Patch: sendfile64_get_user-2.6.5
Requires: uaccess64-2.6.5-jl2

Use get_user instead of copy_from_user to read a loff_t.
Compiled output is identical on i386.

--- orig-2.6.5/fs/read_write.c 2004-04-14 08:29:43.000000000 +0100
+++ uaccess64-2.6.5/fs/read_write.c 2004-04-19 10:35:35.000000000 +0100
@@ -644,7 +644,7 @@
ssize_t ret;

if (offset) {
- if (unlikely(copy_from_user(&pos, offset, sizeof(loff_t))))
+ if (unlikely(get_user(pos, offset)))
return -EFAULT;
ret = do_sendfile(out_fd, in_fd, &pos, count, 0);
if (unlikely(put_user(pos, offset)))

2004-04-19 10:36:53

by Jamie Lokier

[permalink] [raw]
Subject: Re: [PATCH] Use get_user for 64-bit read in sendfile64

Jamie Lokier wrote:
> Use get_user instead of copy_from_user to read a loff_t.
> Compiled output is identical on i386.

Fwiw, all architectures have 64-bit get_user except i386 (prior to
earlier patch), SH and PPC32.

PPC is weird: it has a get_user64 macro which allows 64 bits.
ARM is also weird: it has 64-bit get_user, but not __get_user.

-- Jamie

2004-04-19 14:56:52

by Linus Torvalds

[permalink] [raw]
Subject: Re: [PATCH] Add 64-bit get_user and __get_user for i386



On Mon, 19 Apr 2004, Jamie Lokier wrote:
>
> Subject: [PATCH] Add 64-bit get_user and __get_user for i386
> Patch: uaccess64-2.6.5
>
> Add 64-bit get_user and __get_user for i386.
> Don't ask me how, but this shrinks the kernel too.

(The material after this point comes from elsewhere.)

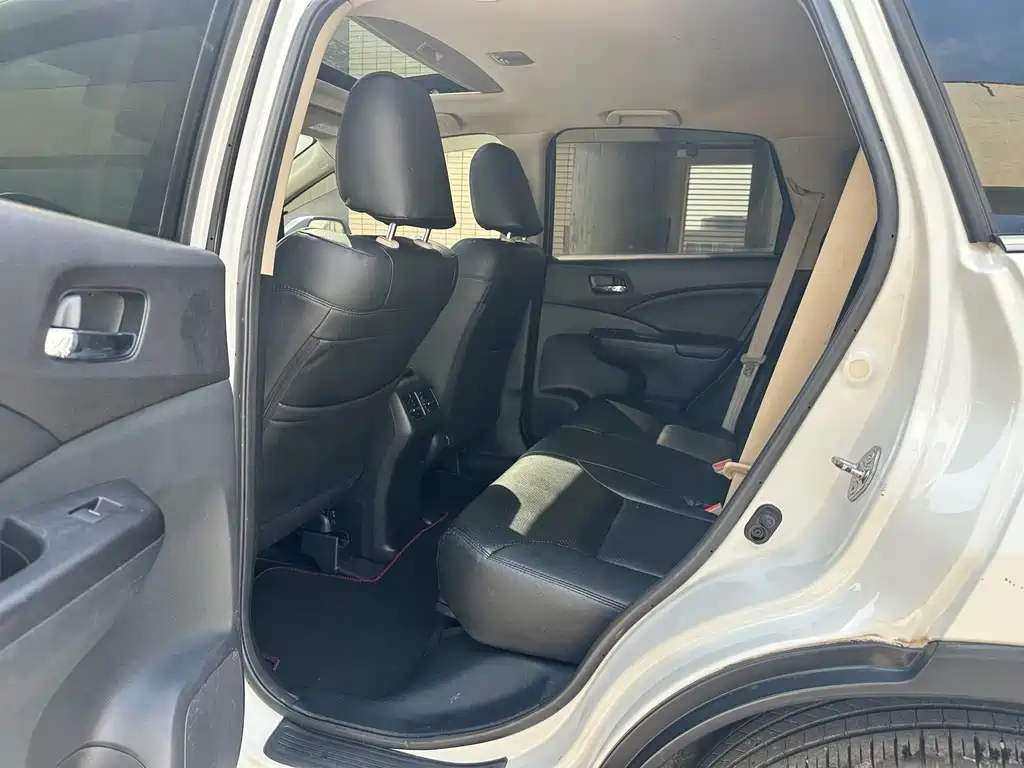 Honda CR-V 2015 — фото 10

There must be some bug somewhere if the kernel shrinks from this. Although
possibly the bug is in gcc ;)

Anyway, please don't do it like this (ie making one case be just a
memcpy). If we do this, let's do it right - ie 'd much rather see
something like

#define get_user(x, ptr) \
({ __typeof__(*(ptr)) __val_gu; \
int __ret_gu; \
switch (sizeof(__val_gu)) { \
case 1: __get_user_x(1,__ret_gu,__val_gu,ptr); break; \
case 2: __get_user_x(2,__ret_gu,__val_gu,ptr); break; \
case 4: __get_user_x(4,__ret_gu,__val_gu,ptr); break; \
case 8: __get_user_8(__ret_gu,__val_gu,ptr); break; \
default: __get_user_bad(); break; \
} \
(x) = __val_gu; \
__ret_gu; \
})

and then you just make "__get_user_8()" look something like

#define __get_user_8(ret,x,ptr) \
__asm__ __volatile__("call __get_user_8" \
:"=A" (ret), "=c" (x) \
:"1" (ptr))

Which is _different_ from the other "get_user" cases: it passes the
address in %ecx, and it returns the error in %ecx too - the return value
comes in %edx:%eax. Make the __get_user_8 in getuser.S match those
different rules.

What do you think?

Linus

2004-04-20 17:42:28

by Jamie Lokier

[permalink] [raw]
Subject: Re: [PATCH] Add 64-bit get_user and __get_user for i386

Linus Torvalds wrote:
> On Tue, 20 Apr 2004, Jamie Lokier wrote:
> > Changed the registers for all __get_user_X so they could all be
> > consistent: %ecx now contains the address, and %eax or %edx:%eax
> > contain the result.
>
> This clobbers unnecessary registers. You now use three registers instead
> of just two.

Wrong. It uses two registers for the 1/2/4-byte cases (%ecx and %eax).
It uses three for 8-byte, which is necessary: 8-byte result + error code.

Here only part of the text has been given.